Conditioned Salary for Doctors / Jeovany Jimenez Vega

Jeovany Jimenez Vega, 14 September 2015 — Speaking of rumors — it’s been going around for months, but nothing official has yet been said about it — there is a rumor that the Ministry of Public Health will increase the monthly salary of doctors in Cuba  to 5,000 Cuban pesos (equivalent to a little more than $200 US). This would be very good news, but on the island things are seldom what they seem, and according to what is rumored it could also be a rotten deal: to receive this salary the worker will have a sign a contract — which apparently will not be elective — in which he or she commits to not traveling outside of Cuba during the following five years, or perhaps ten years according to other versions. And it is also said that in the eastern provinces this document has already been presented to the workers.

If this is true, it would be sheer nonsense to subordinate this salary to something that has no relation to our healthcare performance. Like in every contract, the one allegedly being proposed would clearly establish working days and hours, it would fix the rules of discipline and standards in relation to employer/employee and also recognize the rights to our twice-yearly two-week paid vacations, but at this point the powers of the administration would stop. What we decide to do with our free time is outside the administrative jurisdiction of the center and its ministry, it is something completely personal is not for anyone else to make these choices. Then, if it is clear that this is an unrelated matter, it would be absurd to make such a requirement.

Of the recent measures announced by the newspaper Granma, theoretically we can infer that the Ministry of Public Health (MINSAP) has become aware, although very late, of the severity of the health care situation in the country, but conditioning a salary as deserved as it is long postponed on something so personal and alien to our work as what we do in our free time, would be a misplaced imprudence.

Such an attitude from our ministry would show that at bottom, nothing has changed. This posture greatly tarnishes the intended spirit of reconciliation of the new proposed policy, and belies the alleged “good intentions” of the Cuban authorities towards those healthcare professionals who choise to remain in Cuba or who want to return after working for a short time abroad. Behind such conditionality one can see the gleam in the eye of the tiger, the always authoritarian gesture, the same despotism, in another disguise and other trappings, but in the end the very same despotism as always.

Could it be that so much time of impositions blinded that forever, that pride will end up annulling judgment? Can they no longer do anything truly clean? Will they ultimately be incapable of sincere propositions and everything will be left, one more time, in an opportunistic simulation, in a perpetual dissimulation.

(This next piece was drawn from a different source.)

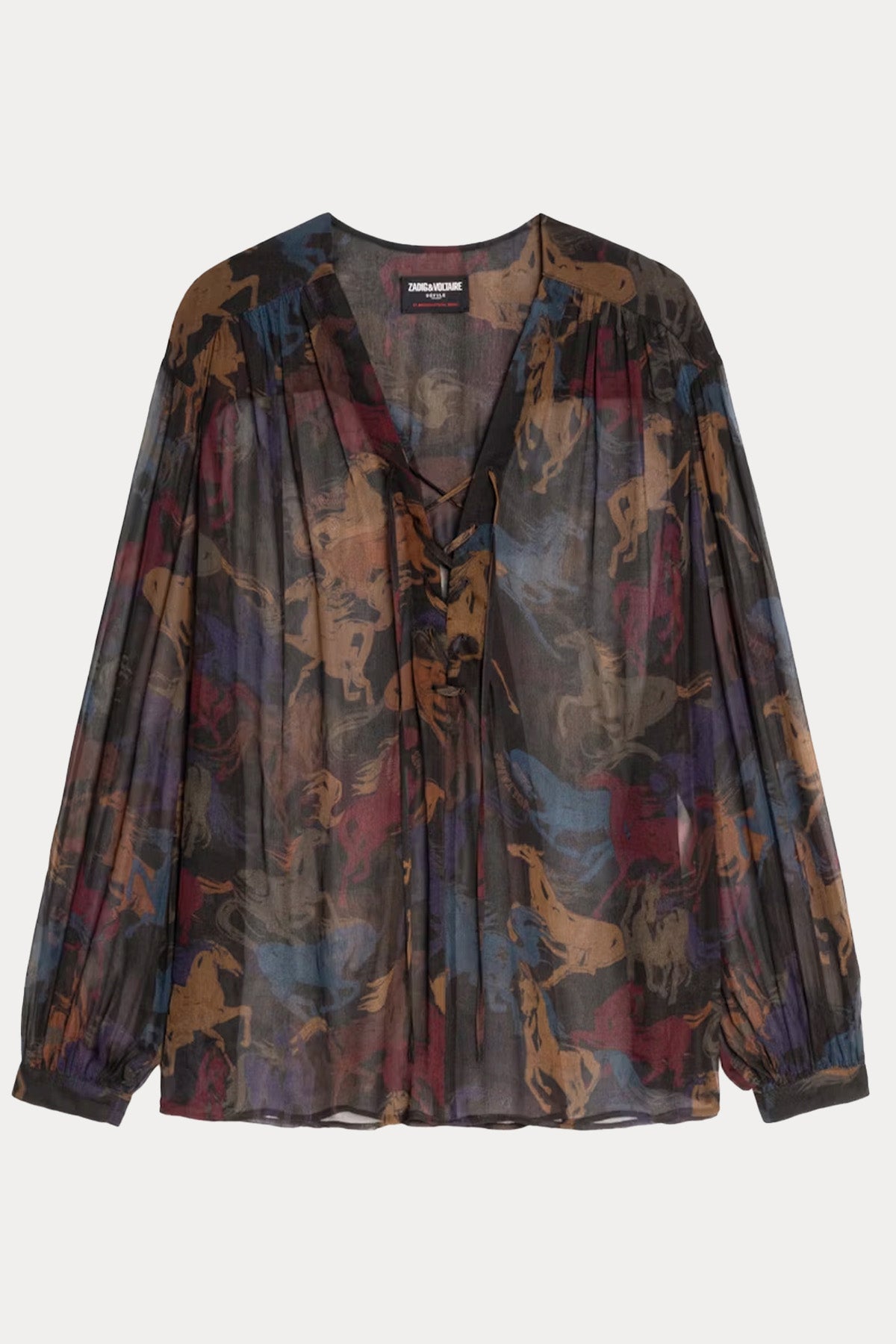 Zadig & Voltaire Relaxed Fit V Yaka Tül Kumaş Bluz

Of course, signing or not signing such a contract would be a matter that each one has the full right to accept or not according to their personal decision, but these professionals should know that once they sign it, this document would place them in an unjust position of subordination and would be a legal yoke in the hands of the administration, which will undoubtedly use it without hesitation when the time comes to justify future arbitrariness.

Personally, I never would sign it. It is not a question of wanting or not wanting to travel outside Cuba tomorrow, it is that here there is a principal much more elemental: that is the right to choose to do so or not always belongs only to me. So it is a simple matter.